Failure to Rescue

Monday, 30 October 2017: 2:45 PM

Deborah Ann Morgan, DNP
School of Nursing, Palm Beach Atlantic University, West Palm Beach, FL, USA

Background:

Failure to rescue (FTR) is an algorithm refined by the Agency for Healthcare Research and Quality (AHRQ) for broad distribution which indicates the rate of death among patients who developed one of six in-hospital complications. It is used in publicly reported safety ratings for individual hospitals and hospital-level quality improvement initiatives. The term, FTR is a fairly new phenomenon in the way of nursing literature. The National Quality Forum has defined failure to recue as one of several nurse-sensitive outcomes gaining importance when evaluating the quality of care delivery. The expanding regulatory requirements and an increased awareness of preventable adverse events have focused attention on nurses’ competency in the skills of early rescue. The Institute of Healthcare Improvement indicates that subtle clues of cardiac and respiratory deterioration are evident up to eight hours before the cardiac event occurs (Brown, Anderson, and Hill, 2012). When nurses become aware of any subtle change in their patient’s condition, they are more likely to be proactive in responding to the immediate patient problem instead of being reactive and failing to rescue.

Methods: This project is a traditional scientific method of quantitative measurement involving a systematic, objective examination of numerical data. The study was conducted at a 178 bed acute care hospital in southwest Florida. All registered nurses (286) attended an educational seminar focusing on skills of early rescue. The curriculum consisted of four components: recognizing premonitory subtle deterioration of the patient’s condition (assessment, critical thinking, and judgment), timely intervention (prioritization of thoughts prior to calling the physician and a dialog on treatment modalities), effective communication (assertive and goal directed), and practice case scenarios (all units and shifts). The educational presentations were ninety minutes in length and completed within a 6 week period.

 Data on code blue events and rapid response calls were abstracted from the Midas event reporting system.
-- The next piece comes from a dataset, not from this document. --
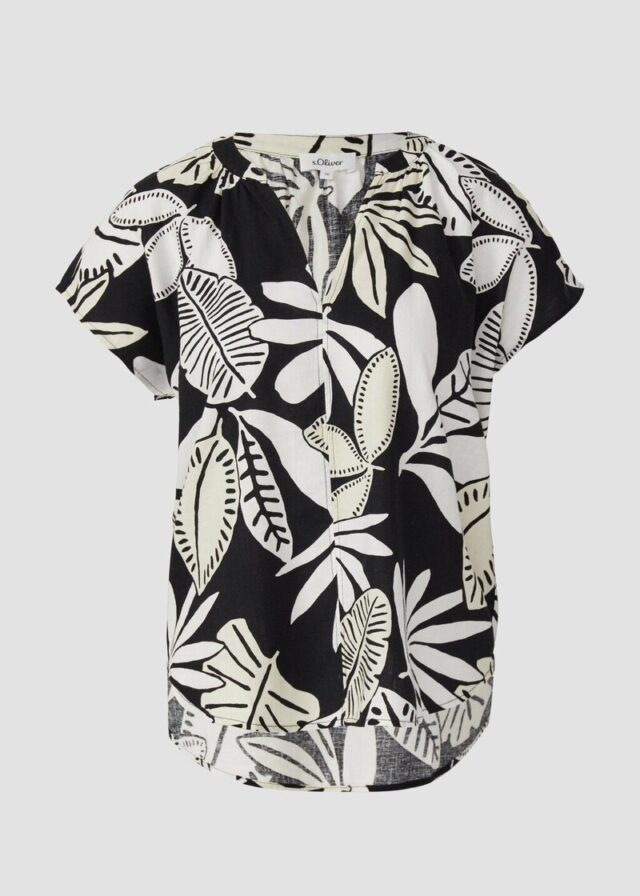 Ärmellose Bluse aus Leinenmix im Relaxed Fit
Data abstraction prior to the educational intervention began January 1st and concluded June 31st, 2013. This collection of data showed twenty-nine code blue events and sixty-two rapid response calls during this six- month period. Data was again abstracted for the period starting January 1st and completed on June 31st, 2014. The second data abstraction demonstrated thirteen code blue events and thirty-three rapid response calls. This data confirmed a significant decrease in both code blue events and rapid response calls from the same period in 2013.
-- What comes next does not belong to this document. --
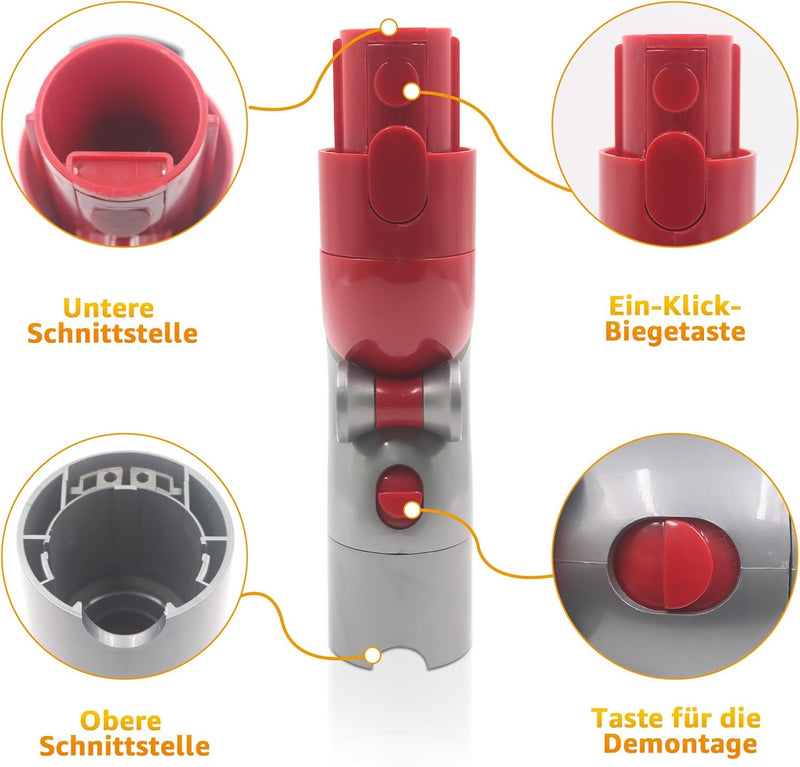 Schnellauslöse Adapter für Dyson Staubsauger V7, V8, V10, V11, V15, Unterer Adapter Schnellverschlus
Results: Data abstracted from Midas confirmed a 44% decrease in code blue events from the first six months of 2013 (average daily census 162) compared to the first six months of 2014 (average daily census 169). These findings indicate the educational intervention facilitated stronger nurse competency in early rescue improving both patient and organizational outcomes. Another unexpected finding that emerged from the data was the 53% decrease in rapid response calls for the same time frame. This demonstrates the bedside nurse was able to detect subtle clues in a patient’s declining condition and intervene timely; therefore, decreasing the need for a rapid response call. To maintain these results, organizations must implement a continuous curriculum focusing on the skills of early rescue to assure quality care delivery. Sharpening the curriculum by evaluating code blue events and rapid response calls on an ongoing basis will translate into improved nursing practice and healthcare outcomes. This study has limitations. The project was administered at a single institution. The generalizability of these findings to other healthcare facilities is limited by the small sample size. The strength of the study is the ease of replication in other acute care organizations.

Conclusion: Failure to rescue as a nursing sensitive outcome has intuitive petition because of nurses’ roles in surveillance of patients safety monitoring. In light of the poor survival-to-discharge rate for in-hospital resuscitation, it is important for the bedside nurse to anticipate the unexpected, recognize the problem, and intervene timely. To sustain improved patient and organizational outcomes require interventions at a national, local, team, and individual level (Anderson et al. 2010). These constitute measuring patient outcomes, accurate patient safety incident reporting, an increased emphasis on human factors, and continuing education on the skills of early rescue.